Formation of WSi2 coating on tungsten and its short-term cyclic oxidation performance in air

Microstructural aspects of WSi2 coating on pure W and its short-term oxidation performance under cyclic heating and cooling conditions in air at 1100 and 1300 °C have been studied. Cyclic oxidation performance of this coating has been compared with its performance under isothermal oxidation. The coating was applied by using a pack siliconization method. The as-formed coating consisted of an outer WSi2 layer and an inner W5Si3 layer. The WSi2 layer had a columnar structure and had several through-thickness cracks generated due to the mismatch of coefficient of thermal expansion between the coating and the substrate. Based on the coating microstructure, the mechanism of coating growth during siliconizing has been suggested.

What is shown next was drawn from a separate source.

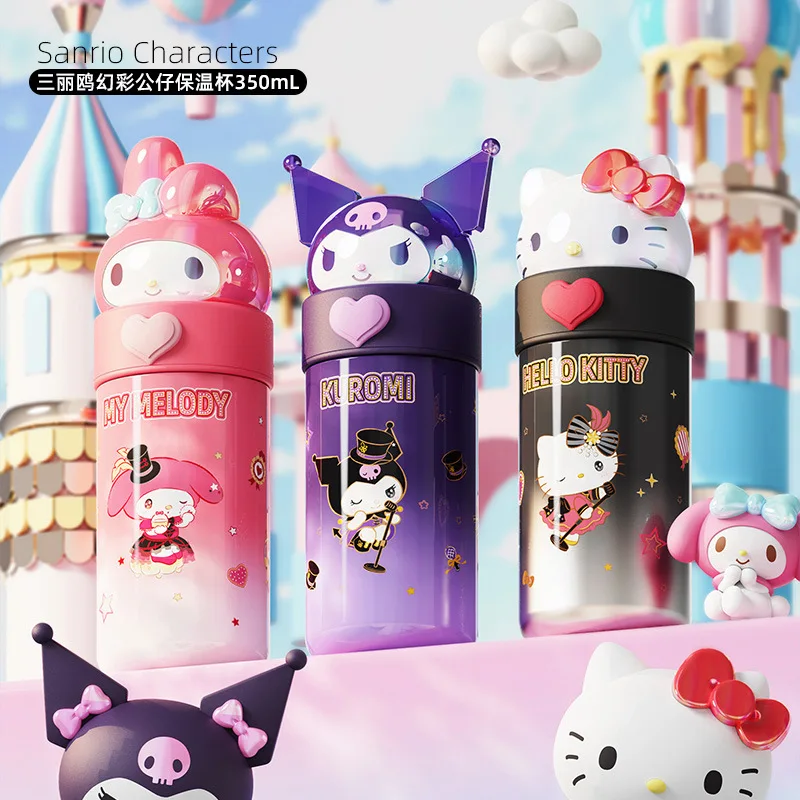 

2024 Sanrio Kuromi Hello Kitty My Melody Colorful Kawaii Insulation Hot Water Cup 316 Cute Children Girl Gift Thermos Bottle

Weight change data obtained under cyclic oxidation in air at 1100 and 1300 °C suggested that the above coating can provide protection to W substrate against oxidation for about 2 h. The oxide scale that formed on the coating during oxidation exposure consisted of SiO2 and WO3 at 1100 °C and only SiO2 at 1300 °C. The protective silica layer underwent spallation during thermal cycling, leading to a diminishing of the protective capability of the coating. More importantly, localized oxidation of the W substrate through discontinuities present in the coating at sharp corners caused severe damage to the coated samples. Isothermal oxidation exposure of the coating, in comparison, resulted in a much lower degree of damage and the coating provided protection for a much longer duration (up to 10 h) at the above temperatures. In this study, apart from reporting a hitherto unreported oxide scale morphology, the microstructural degradation of the coating during oxidation has been linked to the columnar structure of the WSi2 layer.